Mi padre me permite ahora leerle y que escriba por él; me demuestra, también,
más confianza de la que había tenido antes, lo cual es un gran consuelo.
(…) Su última carta fue un apoyo y un sostén para mí,
alimento para medio año. Ahora necesito otra y usted me la dará; no porque me
deba amistad -no me puede tener mucha-, sino porque usted tiene un alma
compasiva y no condenaría a nadie a un sufrimiento prolongado para liberarse de
unos pocos momentos incómodos. Prohibirme que le escriba, negarse a
responderme, sería arrancarme de mí mi única alegría en la tierra, privarme de
mi último privilegio -un privilegio al que nunca consentiré en renunciar
voluntariamente-. Créame, maestro, escribiéndome hace una buena acción. En
tanto que creo que usted está complacido conmigo, en tanto que tengo esperanzas
de recibir noticias suyas, puedo descansar y no sentirme muy desdichada. Pero
cuando un silencio prolongado y tenebroso parece amenazarme con el alejamiento de
mi maestro, cuando día tras día espero una carta, y cuando día tras día solo
llega la desilusión para sumirme en una tristeza abrumadora, y la dulce alegría
de ver su escritura y leer su consejo huye de mí como una visión vana, entonces
me reclama la fiebre, pierdo el apetito y el sueño y languidezco.

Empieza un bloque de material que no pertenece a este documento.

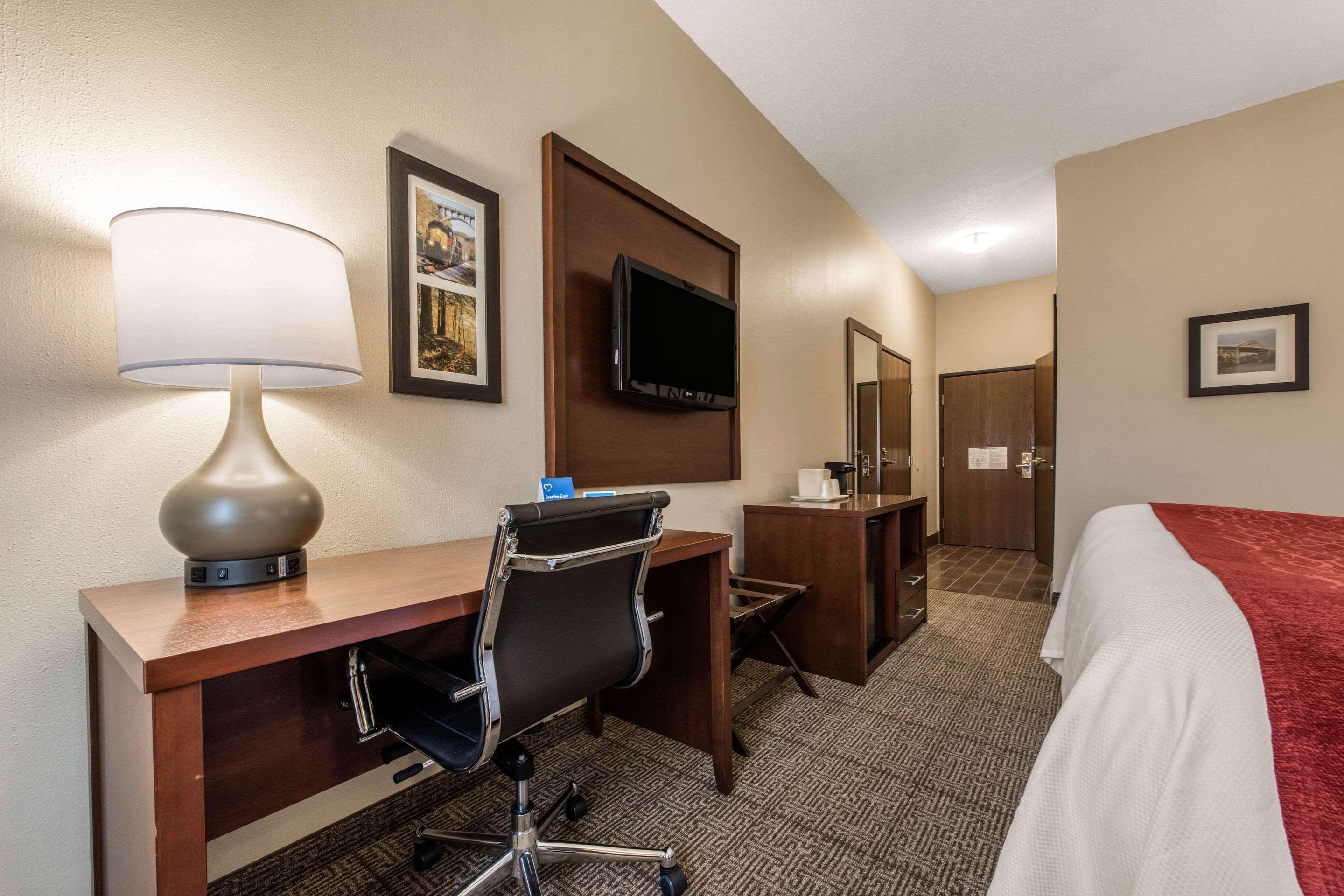 Comfort Inn & Suites Streetsboro - Kent Extérieur photo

Volveré a escribirle el próximo mayo: sería mejor esperar un
año, pero es imposible: demasiado tiempo.
(…) Me gustaría poder escribirle cartas más alegres, porque
cuando releo esta la encuentro triste de alguna manera -pero, perdóneme, mi
querido maestro-; no se irrite por mi tristeza…
(…) Adiós, mi querido Maestro, que Dios le proteja con sumo
cuidado y le corone con bendiciones especiales.”
Charlotte Brontë (1816-1855) fue una escritora britanica, la
mayor de las hermanas Brontë, cuyas novelas se convirtieron en obras cumbres de
la literatura inglesa.
En 1842 Charlotte y Emily Brontë quisieron abrir una escuela
privada y, para mejorar su francés, ingresaron en un internado privado de
Bruselas regentado por Constantine Héger y su esposa, pero al morir su tía se
vieron obligadas a volver a Inglaterra. Charlotte regresó nuevamente a Bruselas
en enero de 1843 para trabajar de profesora en el internado. Su segunda
estancia no fue nada agradable, ella se vió invadida por la soledad, la
nostalgia y la melancolía. Allí se enamoró profundamente de Constantine Héger.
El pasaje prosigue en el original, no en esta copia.